Também é preciso comparar Pasolini com Michel Foucault. Não apenas por serem homossexuais militantes (que interpretam a própria opção sexual como uma escolha política de se opor ao regime disciplinar do corpo), mas, sobretudo, por viverem e perceberem a passagem do regime baseado na repressão sexual para o regime de controle através do consumo. Para Foucault, “É a lei quem produz a delinquência”. As leis não são regras normativas para regulamentar a vida social em tempos de paz, mas a própria guerra das estratégias de uma determinada correlação de forças. A lei não é expressão contratual do poder, ela é o próprio poder que descreve, analisa e classifica as condutas. A produção de aberrações é engendrada pelo próprio sistema social e também faz parte da estrutura de controle. O controle não é apenas o dispositivo restritivo que gera a aberração, mas também o seu resultado positivo: a transgressão e a mudança dos padrões de organização. A sexualidade, para Foucault, é um campo em que essa produção de comportamento aberrante é bem visível: não há diretamente uma repressão sexual, mas interjeição, isto é, somos incitados ao sexo através de sua aparente interdição. Depois, da liberação sexual dos anos 60 e, mais recentemente a AIDS, o centro da correlação de forças se deslocou da genitalidade para a oralidade, e o consumo de substâncias de efeito psíquico passou a ser o foco deste tipo de mecanismo de proibição/transgressão. Somos hipnotizados a consumir pelos meios de comunicação e proibidos de fazê-lo por diferentes níveis de autoridade.

"(...) a questão das drogas e da dependência química. A noção foucaultiana de ‘modo de sujeição’ nos sugere que o poder tornou-se mais bioquímico que microfísico e que sua estratégia atual consiste na produção hipócrita de uma sociedade de viciados. Álcool, nicotina, cafeína, açúcar, remédios, mas, sobretudo, ilusões: a TV. Aliás, o consumo audiovisual é a única coisa gratuita em nossa sociedade. Ele interage diretamente com a alimentação formando um conjunto de necessidades e, principalmente, mantendo o indivíduo em níveis cada vez mais altos de stress emocional. Após séculos de sujeição sexual, os mecanismos de poder geram agora uma nova tecnologia de controle: as formas psicoquímicas de subjetivação do sentimento de morte. A dependência química e as redes de comunicação fazem parte de uma única estratégia." (GOMES, 2000, 43)

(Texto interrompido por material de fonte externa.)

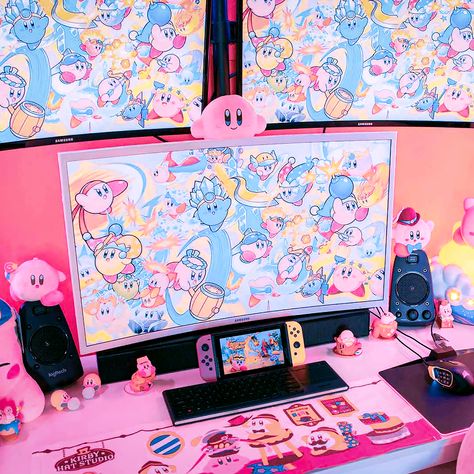 Embark on a whimsical gaming adventure with a Kawaii Kirby setup and room transformation! 🎮🌸 Immerse yourself in the world of pink puffballs and dreamy aesthetics as you design a gaming space that's as cute as it is fun. From Kirby-themed decor to pastel hues and cozy touches, create a haven where gaming meets kawaii charm. Let Kirby's joyful spirit inspire your gameplay and infuse your room with a sense of enchantment. 🌟🕹️✨ Kirby Room, Kawaii Decorations, Family Core, Kawaii Kirby, Dream Setup, Kawaii Bedroom, Gaming Space, Chiaki Nanami, Video Game Room Design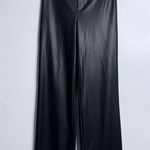 ZARA NWT  Black Faux Leather Pants High Rise Full Length Wide Leg Size Small Photo 0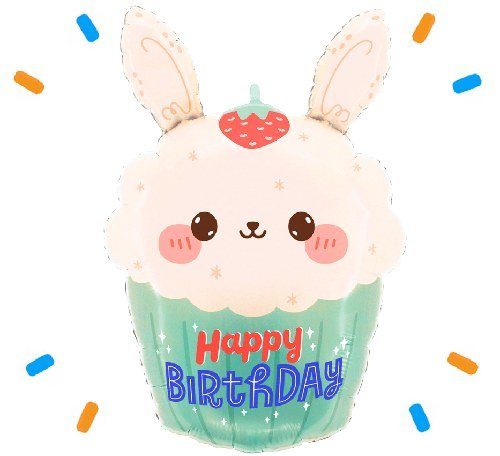Konijntje Cupcake Happy Birthday Helium Ballon - Gevuld Met Helium - 61 cm - Ballonnenshop.nl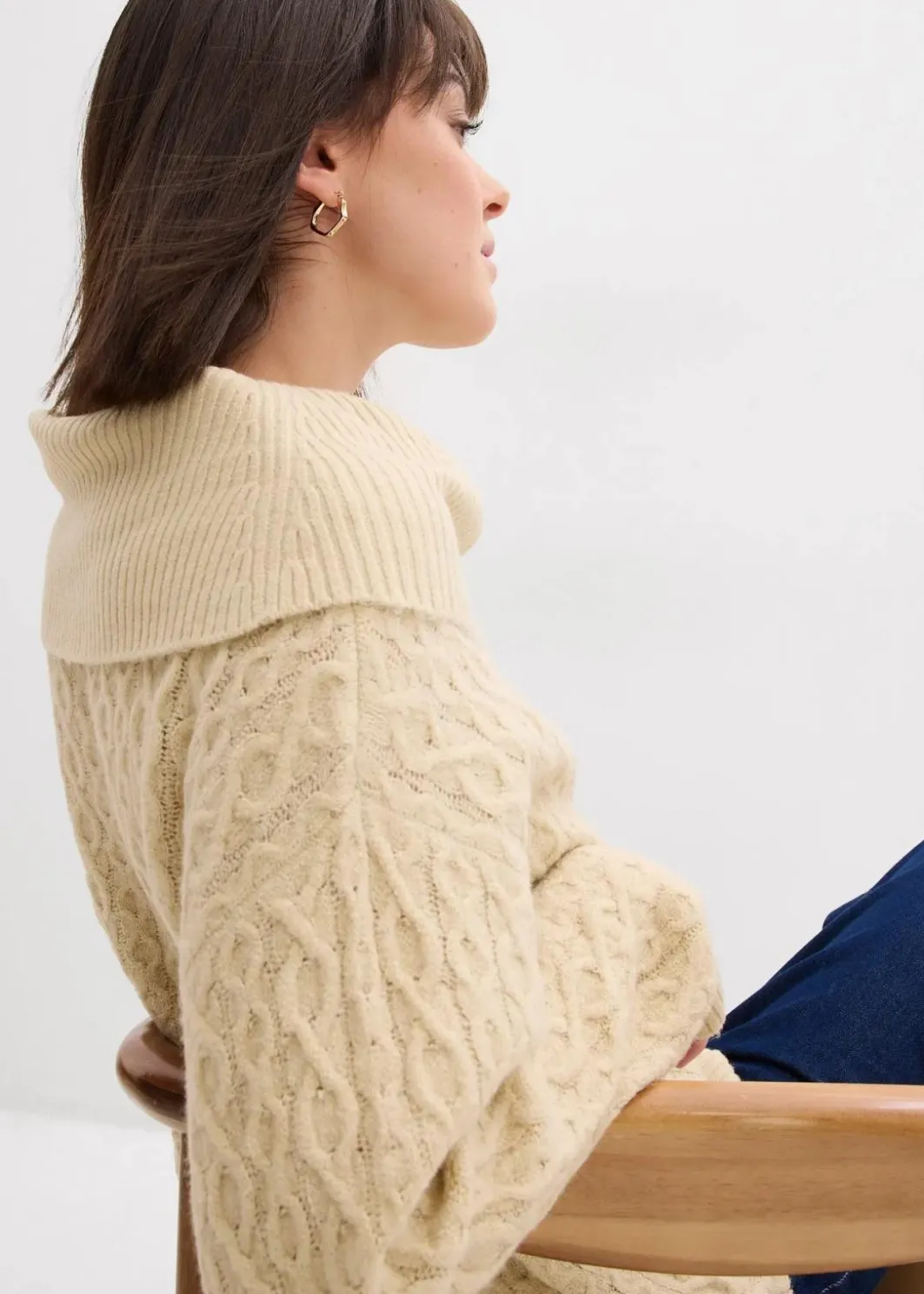 Damen bonprix Nachhaltigere Materialien|Pullover & Strickjacken|Pullover mit Zopfmuster
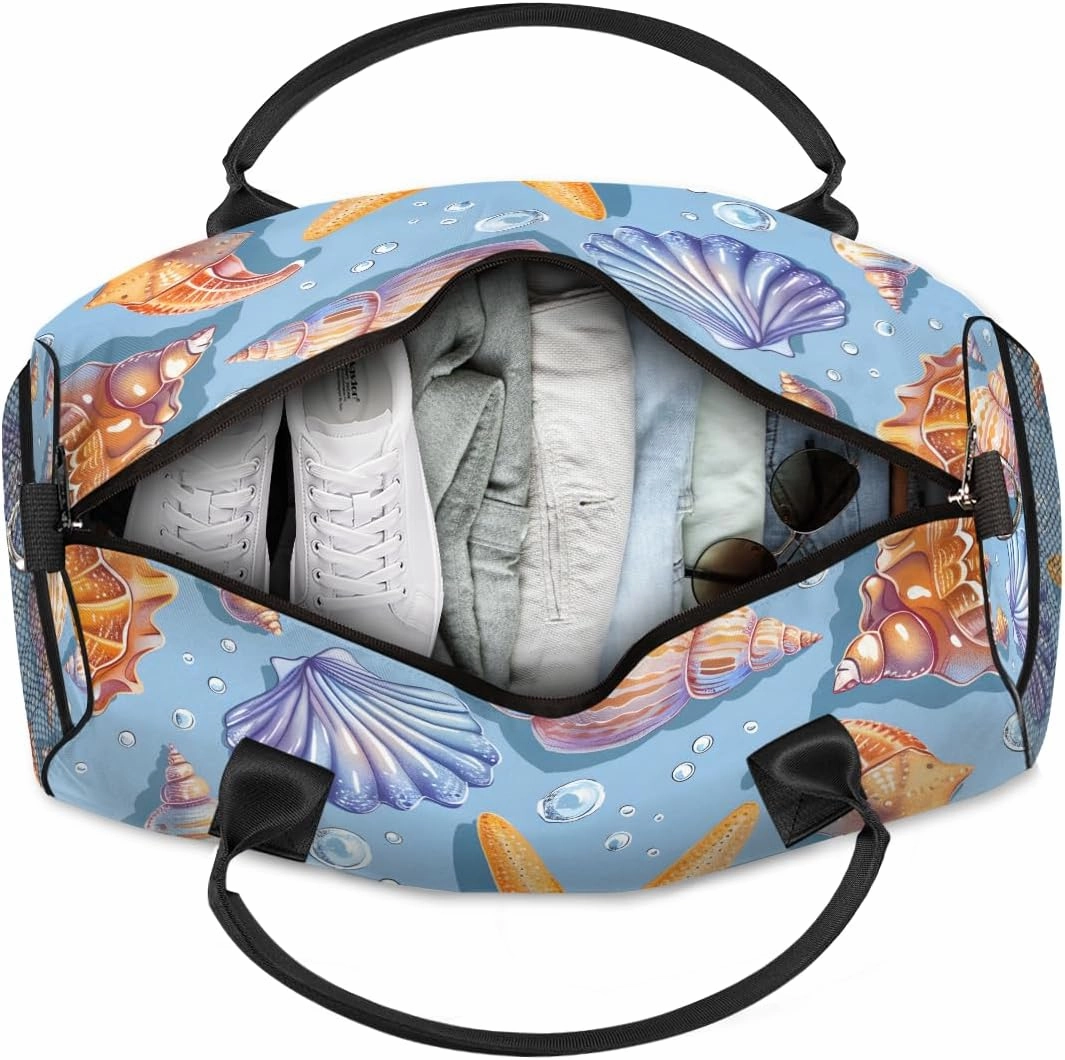 Nautical Coastal Travel Duffle Bag for Women Men Foldable Waterproof Weekender Bag Carry on Tote for Overnight Sports Gym Seashell Coral Starfish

Ao se apoiar sobre o erotismo tradicional contra o regime disciplinar da modernidade industrial, Pasolini demonstrou que é possível fazer um cinema esteticamente diferente. É claro que, após mais de 30 anos após seu assassinato, seu erotismo revolucionário não representa mais nenhum perigo político para o sistema. Ao contrário, o erotismo tornou-se consumista, adaptado e conservador. Por outro lado, a atitude política e artística de Pasolini é mais atual que nunca, pois, combate a crueldade moderna sem retornar às mentiras da tradição. O pós-moderno atual é um retorno parcial ao universo pré-moderno, seja ele clássico, medieval ou oriental – como na trilogia da Vida.


NOTAS

(1) O depoimento contraditório do acusado dá margens a muitas dúvidas. Por que ele assumiu a responsabilidade pela morte do cineasta sozinho, quando havia evidências da participação de outras pessoas? Por que a justiça italiana se contentou com a versão do michê, ignorando outras possibilidades? Há também suspeitas sobre o desaparecimento e morte de outras pessoas que tentaram se aprofundar na investigação. O caso gerou recentemente um filme sobre o assunto, Pasolini: Um delito italiano, de Marco Tullio Giordana.